- Theatrical release poster
- Directed by: Sundar C
- Written by: Sundar C T. Senthilkumaran (dialogues)
- Produced by: Khushbu Sundar C
- Starring: Sundar C; Anuya Bhagvath; Vadivelu;
- Cinematography: Chelladurai
- Edited by: Praveen K. L. N. B. Srikanth
- Music by: Thaman S
- Production company: Avni Cinemax
- Release date: 19 November 2010;
- Running time: 150 minutes
- Country: India
- Language: Tamil

= Nagaram Marupakkam =

2010 film by Sundar C

Nagaram Marupakkam also known simply as Nagaram is a 2010 Indian Tamil-language action comedy film directed by Sundar C, who plays the lead role and also co-wrote and co-produced the film. Co-produced by his wife Khushbu, the film also stars Anuya Bhagvath and Vadivelu in pivotal roles and features music by Thaman. Sundar's first directorial after four years, Nagaram released on 19 November 2010. It is based on the 1993 American film Carlito's Way.
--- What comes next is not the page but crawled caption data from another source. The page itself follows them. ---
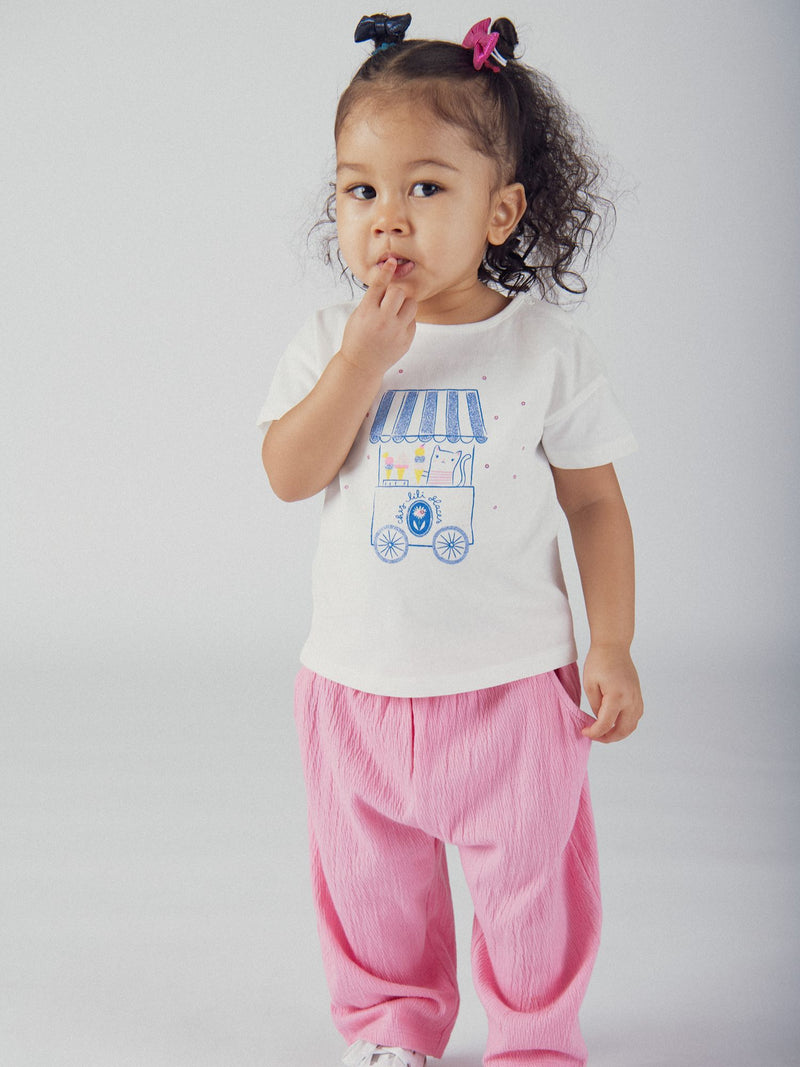 Pantaloni rosa caramella con fiocco per bambine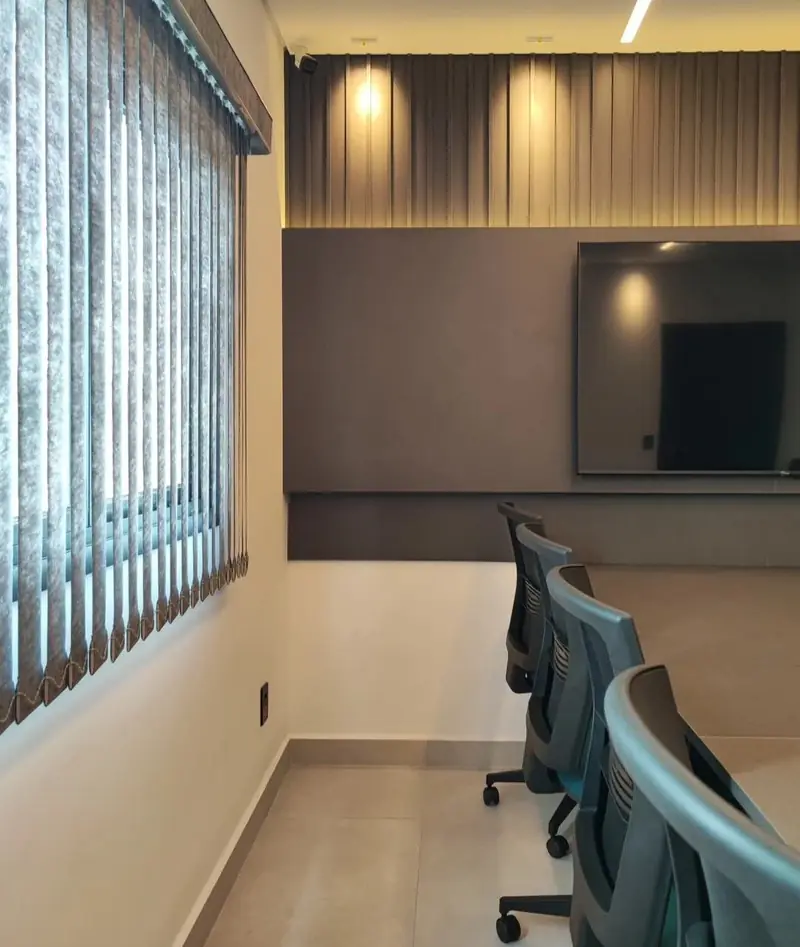 Sala de reunião com painel ripado iluminado e TV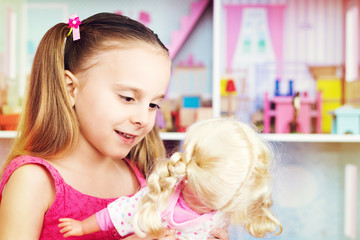 girl playing with doll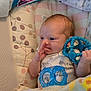 Noelle joined the competition — help win amazing prizes! baby, infant, toy, blue_toy, blanket, padded_seat, clothing, hand, face, expression, indoors, soft, comfort, child, cute, newborn, holding, colorful, pattern, resting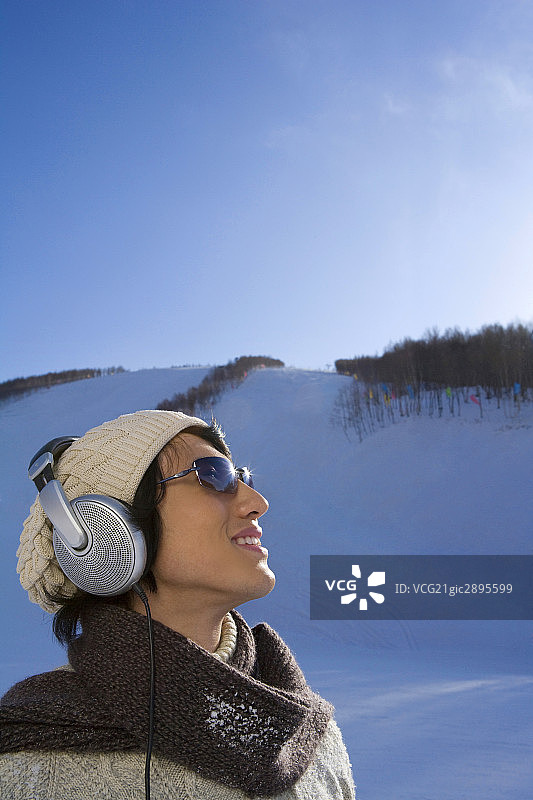 雪地上听音乐的年轻男子图片素材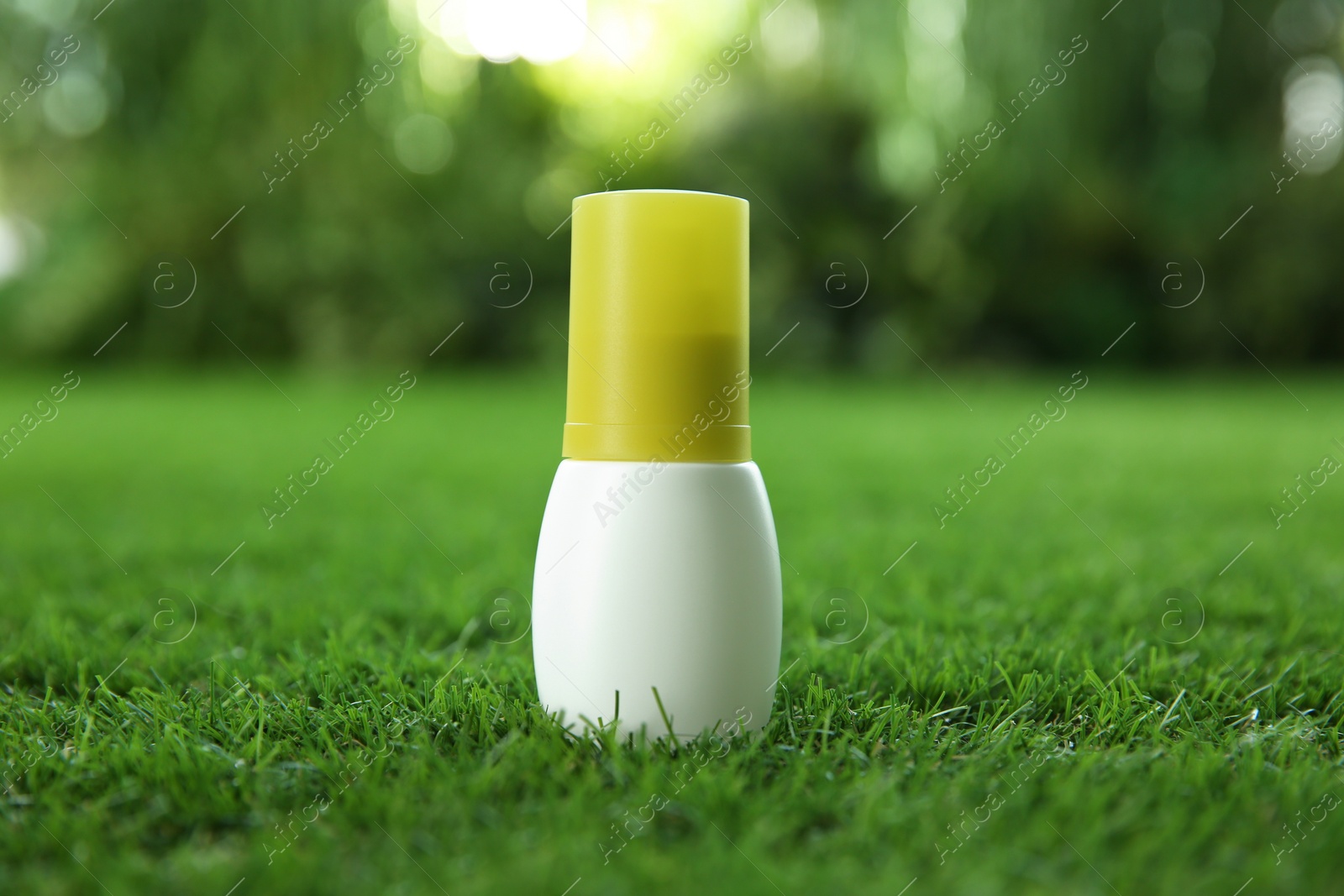 Photo of Bottle of insect repellent spray on green grass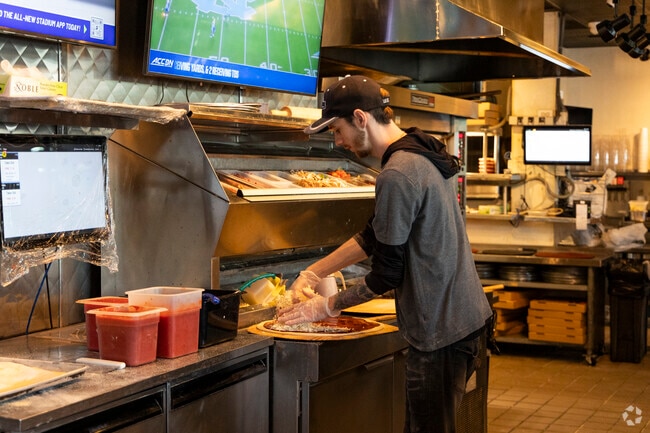 Wood-fired pizza is the highlight at Tortora’s, a local favorite in Hampton Cove.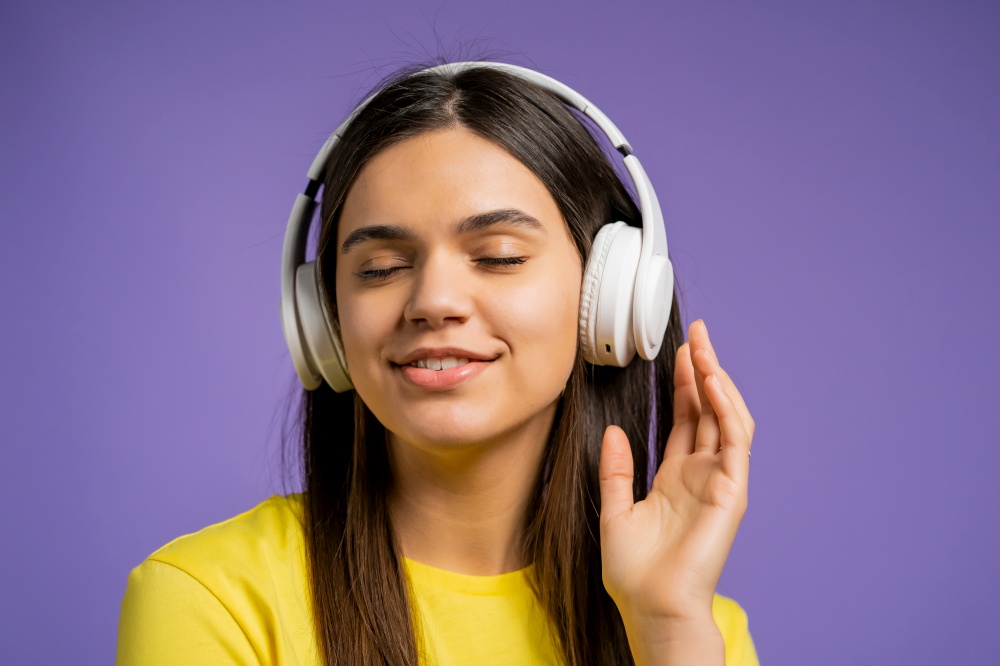 Attractive woman with white headphones on violet studio background. Cute girls portrait. Music, radio, happiness, freedom, youth concept. Attractive woman with white headphones on violet studio background. Cute girls portrait. Music, radio, happiness, freedom, youth concept.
The film is well known for comedy sequences and portrayal of the comic character "Style Pandi" by Vadivelu.

==Plot==

Selvam, a criminal, decides to turn a new life after coming out of jail. He lands a job in Hyderabad and falls in love with a dancer named Bharathi. Eventually, his past catches up to him. How he gets out of the predicament forms the story.

==Soundtrack==
Music is composed by Thaman S and released via Think Music India. Karthik of Milliblog wrote, "Punchy, likeable commercial soundtrack from a super-confident Thaman!".

Track listing
| No. | Title | Singer(s) | Length |
|---|---|---|---|
| 1. | "Eraivaa" | Ranjith, Rahul Nambiar, Naveen Madhav | 3:42 |
| 2. | "Kuthudhu" | Naveen Madhav | 4:33 |
| 3. | "Puducha" | Rahul Nambiar, Srivardhini | 4:31 |
| 4. | "Thiki Thiki" | Ranjith, Megha | 5:13 |
| 5. | "En Peru Krishnaveni" | Priya Himesh | 4:45 |
| 6. | "Konjam Konjam" | Rita Thyagarajan | 3:24 |
| Total length: |  |  | 26:08 |

==Critical reception==
Sify wrote, "It is engrossing and moves like a thriller, with rapid twists and turns leading to a stunning climax". Pavithra Srinivasan of Rediff.com wrote, "The endless gang war sequences, filled with unruly men can get a bit tedious, while the screenplay takes its own sweet time to get to the end. The editing scissors could have been put to good use".